By Michelle Seitz Staff writer
On Oct. 4 in Stretansky Concert Hall, the Schmidt Foundation hosted “‘Stolen Without a Gun:’ The Anatomy of a White-Collar Crime,” a lecture given by Walter Pavlo Jr. The purpose of the lecture was to help students understand white-collar crime and ethical decision-making.
Pavlo spoke about his experience working as a senior manager at MCI, a telephone company based out of New York City and head of the company’s finance department. During his time, he encountered $25 million in outstanding invoices by Caribbean Telephone, a fraudulent company based out of Detroit, Michigan.
The company promised to pay MCI in full; however, to get the money, they were going to sell cheaply made phone cards to customers for a much higher price. After months of no response, Pavlo decided to misuse promissory notes and cut off all ties with Caribbean Telephones after they signed them. He also demanded others start paying their fair share or he would do the same to them. Shortly after, a new manager stepped in at MCI who promised to write off their debt and balance the company’s budget.
Pavlo confided in a friend, who told him to remain at MCI while he took care of things. His friend showed up to MCI and lended them the money they needed.

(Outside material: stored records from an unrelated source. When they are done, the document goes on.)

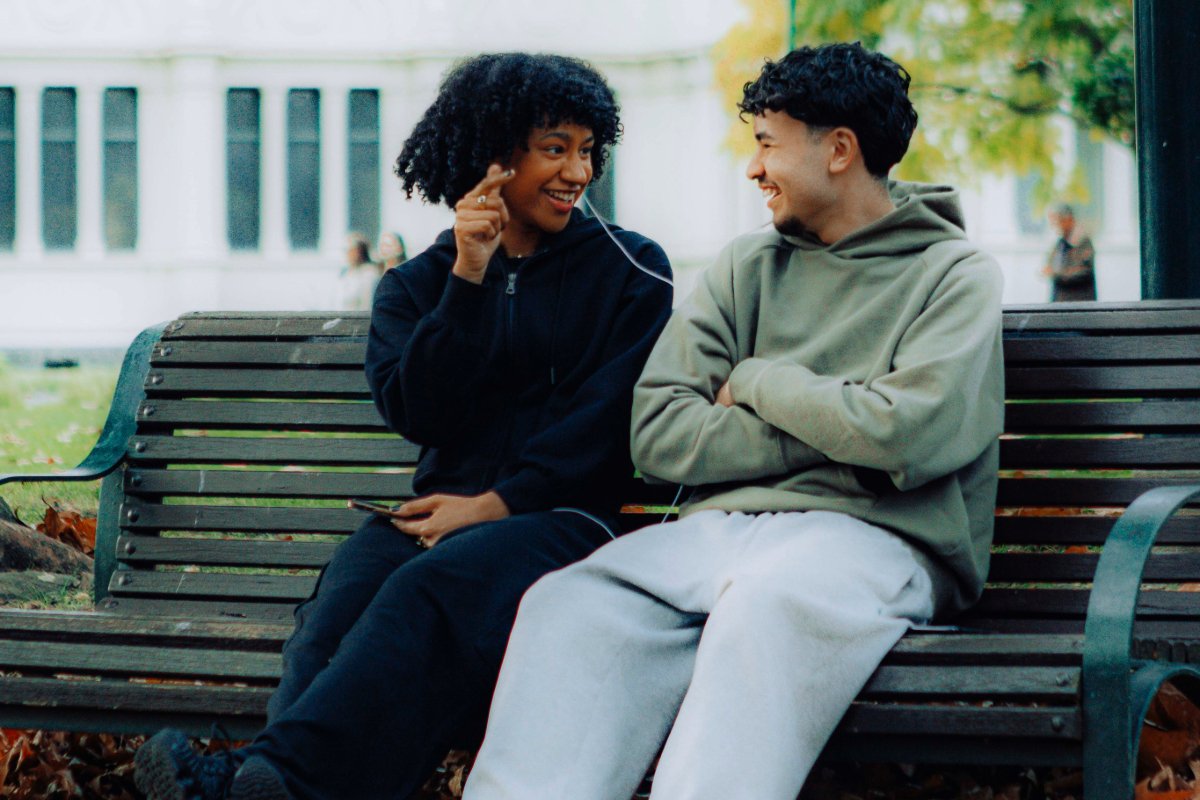 Friends seated on a park bench listening to each other's music with earbuds.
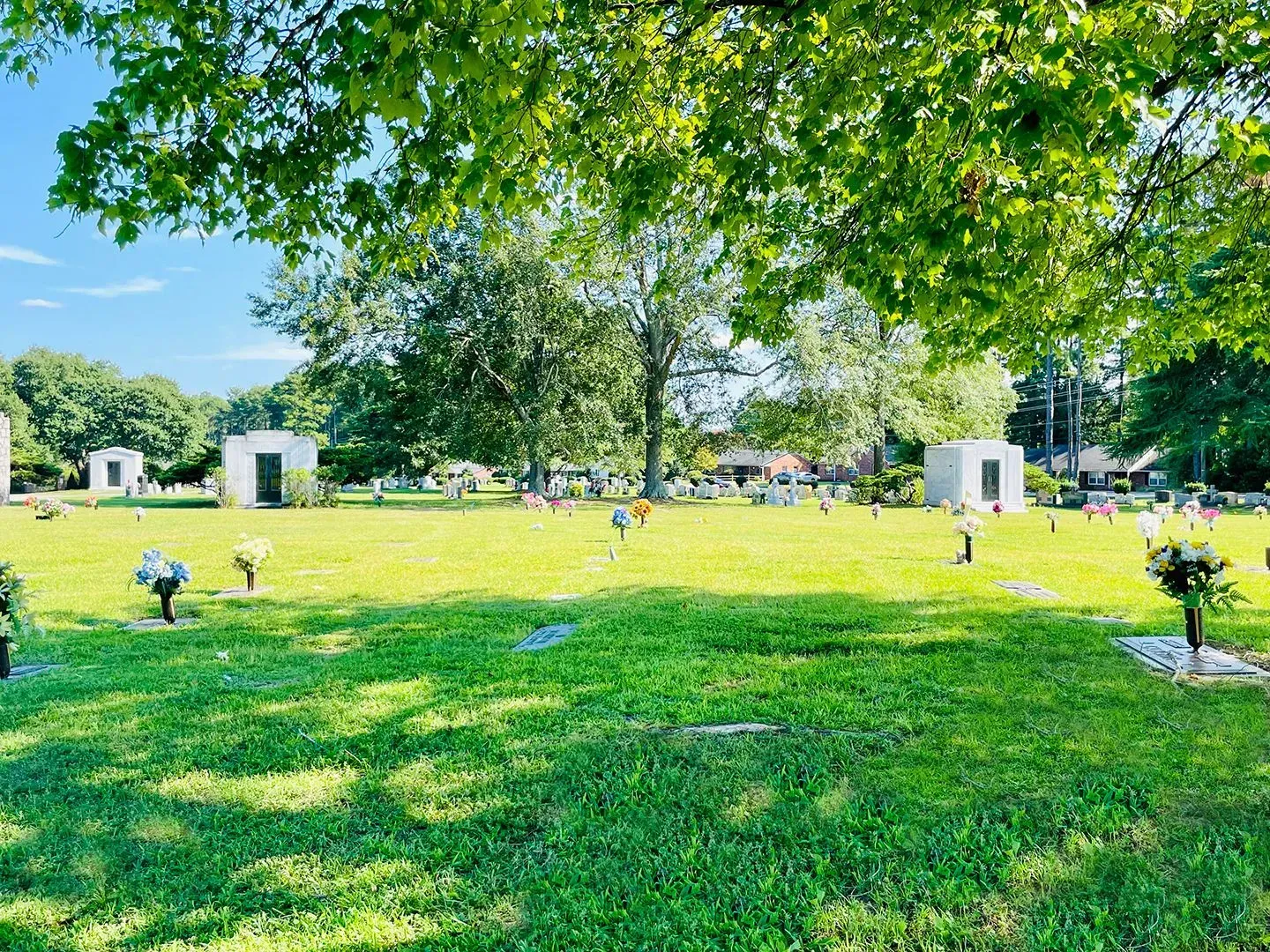Sunny cemetery lawn with small memorial markers and trees casting shade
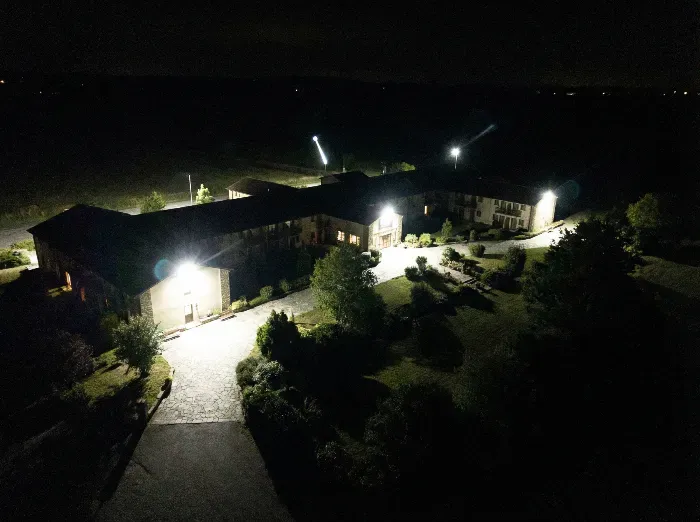 Aerial nighttime view of a lighted rural building complex with sloped roofs, surrounded by trees, driveway, and illuminated pathways in darkness.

This went on until MCI was bought out, and it was discovered that one of Pavlo’s deals were faulty. Pavlo then quit and spent the next few months living in fear until he received a letter from the United States’ Attorney’s Office informing him that they were investigating him.
Pavlo pleaded guilty in 2001, at 29 years old, to charges of wire fraud and money laundering. He recieved a reduced sentence by cooperating with the Federal Bureau of Investigation as well as testifying against the attorney involved in the scheme.
Pavlo currently gives lectures to business and law schools on white-collar crime and ethics. He also is a contributing analyst of white-collar crime to Forbes.com and the New York University School of Law.
Pavlo also helped develop Prisonology.com, a website that helps soon-to-be convicts and their families feel more at ease with their transition. The site answers questions about prison life.
Although criminality is represented very negatively, the extent of white-collar crime may be over-embellished, according to Pavlo. White-collar crimes tend to be committed by ordinary people who got caught up in an aspect of their job.
“We all do have temptation,” Pavlo said. “There are consequences for doing the right thing and that’s okay… One’s integrity is priceless.”
Michael Ozlanski, assistant professor of accounting, said, “A lot of the pressures [Pavlo] faced were the same we faced here on campus.”
“These are a lot of the things business professionals need to deal with. If we can get comfortable dealing with those pressures here in college, we could then leverage that into our careers and hopefully that will make us better people in our post-Susquehanna plan,” Ozlanski added.